And a lovely bathroom that I used this week. When you gotta go you gotta go. The no toilet seat thing is very normal here, I literally used the word ¨classy¨ to describe this bathroom after I left just because it had toilet paper. Welcome to Peru.
Thursday, May 21, 2015
Not a lot to say this week! After skyping with my family yesterday I feel like there isn´t much left to say!
My companion and I are still struggling a little bit, just because no one that we teach, whether investigator or less active, seems to have any desire to progress or change. We keep saying that we´re just a little tired of not seeing the fruits of all our hard work, but we also know that one day the results will come. And that maybe we´re just here to plant a lot of seeds. We´re now calling ourselves chacra workers. Just planting and planting and planting and watering and weeding and waiting. Maybe we can´t see the results yet, but we know that without hard work the results will never come. So we just have to work. That´s always the answer.
I just want you guys to know that even though I´m having a little bit of a hard time and I´ve been feeling exhausted and have diarrhea basically just all the time, probably thanks to my parasite friend who we decided has come back with a vengeance, I´m happier than I´ve even been in my life. I´m learning and growing everyday. And in these hard times I´ve learned, once again, to rely on my Heavenly Father. My testimony of prayer has never been stronger. I´ve never prayed so hard in my life, and I know that He listens. He loves me and He knows me.
I love you all! Have a great week!
Thursday, May 7, 2015
Honestly, this was a really hard week for me. My companion and I just found ourselves exhausted and not knowing what more we could do, what more we could give. It´s hard to work and work and work and come home at night absolutely exhausted every single day, and then not see any results. I found myself asking my Heavenly Father ¨Why?¨. Why the people here don´t want the gospel, why they don´t understand how beautiful and important it is, why in months we haven´t had an investigator come to church, why He can´t just give them the desire to come and to accept the gospel.
And then today I was reminded of a talk that I love by Elder D. Todd Christofferson (Mormon Message- The Will of God).
President Hugh B. Brown, formerly a member of the Twelve and a counselor in the First Presidency, provided a personal experience. He told of purchasing a rundown farm in Canada many years ago. As he went about cleaning up and repairing his property, he came across a currant bush that had grown over six feet (1.8 m) high and was yielding no berries, so he pruned it back drastically, leaving only small stumps.
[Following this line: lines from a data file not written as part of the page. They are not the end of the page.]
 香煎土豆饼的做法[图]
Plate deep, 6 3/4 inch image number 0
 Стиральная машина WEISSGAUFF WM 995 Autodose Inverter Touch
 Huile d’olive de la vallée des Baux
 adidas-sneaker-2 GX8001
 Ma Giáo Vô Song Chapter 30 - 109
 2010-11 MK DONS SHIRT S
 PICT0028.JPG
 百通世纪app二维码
Then he saw a drop like a tear on the top of each of these little stumps, as if the currant bush were crying, and thought he heard it say:
“How could you do this to me? I was making such wonderful growth. … And now you have cut me down. Every plant in the garden will look down on me. … How could you do this to me? I thought you were the gardener here.”
President Brown replied, “Look, little currant bush, I am the gardener here, and I know what I want you to be. I didn’t intend you to be a fruit tree or a shade tree. I want you to be a currant bush, and someday, little currant bush, when you are laden with fruit, you are going to say, ‘Thank you, Mr. Gardener, for loving me enough to cut me down.’”
Years later, President Brown was a field officer in the Canadian Army serving in England. When a superior officer became a battle casualty, President Brown was in line to be promoted to general, and he was summoned to London. But even though he was fully qualified for the promotion, it was denied him because he was a Mormon. The commanding general said in essence, “You deserve the appointment, but I cannot give it to you.” What President Brown had spent 10 years hoping, praying, and preparing for slipped through his fingers in that moment because of blatant discrimination. Continuing his story, President Brown remembered:
“I got on the train and started back … with a broken heart, with bitterness in my soul. … When I got to my tent, … I threw my cap on the cot. I clenched my fists, and I shook them at heaven. I said, ‘How could you do this to me, God? I have done everything I could do to measure up. There is nothing that I could have done—that I should have done—that I haven’t done. How could you do this to me?’ I was as bitter as gall.
“And then I heard a voice, and I recognized the tone of this voice. It was my own voice, and the voice said, ‘I am the gardener here. I know what I want you to do.’ The bitterness went out of my soul, and I fell on my knees by the cot to ask forgiveness for my ungratefulness. …
“… And now, almost 50 years later, I look up to [God] and say, ‘Thank you, Mr. Gardener, for cutting me down, for loving me enough to hurt me.’”
I love this talk, and mormon message, and it was exactly what I needed to hear right now. As I was typing out this email I looked over at my companion and saw that she was watching the same video. Sometimes it´s hard for us to accept God´s will, and to understand that He has a plan for us. But He does, and His plan is far better than anything we could ever imagine for ourselves. We just need to trust in our Father and His plan, and submit our will to His.
This week I was the sad currant bush, not understanding why the gardener would cut down my branches. But I know that as I was upset and asking God ¨Why?¨, His answer was ¨I am the gardener here, and I know what I want you to be¨.
Thank you, Mr. Gardener, for loving me enough to cut me down.
I love you all!
P.S. I really do promise that I´ll send picturse later day. I owe you guys.